# What are your blindfolded methods/memorization help



## 99aceofspades99 (Mar 31, 2010)

I just wanted to know what many peoples methods are while blindfolding a cube (including all cubes like 2x2 - bigger cubes) because I'm slightly newer to blindfolding and I am curious to what method are fastest and the best.
Also, I'm wondering what type of memorization people use because I have trouble with that part. I can solve the 3x3 in like 12 minutes, 10 minute memorization, 2 minute execution.
Thanks for help


----------



## cmhardw (Mar 31, 2010)

99aceofspades99 said:


> I just wanted to know what many peoples methods are while blindfolding a cube (including all cubes like 2x2 - bigger cubes) because I'm slightly newer to blindfolding and I am curious to what method are fastest and the best.
> Also, I'm wondering what type of memorization people use because I have trouble with that part. I can solve the 3x3 in like 12 minutes, 10 minute memorization, 2 minute execution.
> Thanks for help



You can find information on most of popular blindfolded methods on the wiki at The Blindfold Methods Page.

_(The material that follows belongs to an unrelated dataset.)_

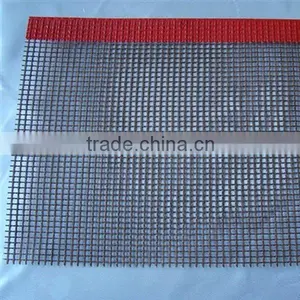 Systems 1mm*1mm and 4mm*4mm and 10mm*10mm Hole PTFE Mesh Belt Conveyor Brown With Bull Nose Joint High Temperature Made in China thumbnail-4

Any method that works on the 3x3x3 can be adapted for use on the 2x2x2. For information on the bigger cubes blindfolded, please see the stickied threads in the How to's Forum.

As for memorization methods, there is a lengthy discussion thread, Memory Methods, in the sticky threads of this forum with more detailed information on methods people use.

Hope this helps,
Chris


----------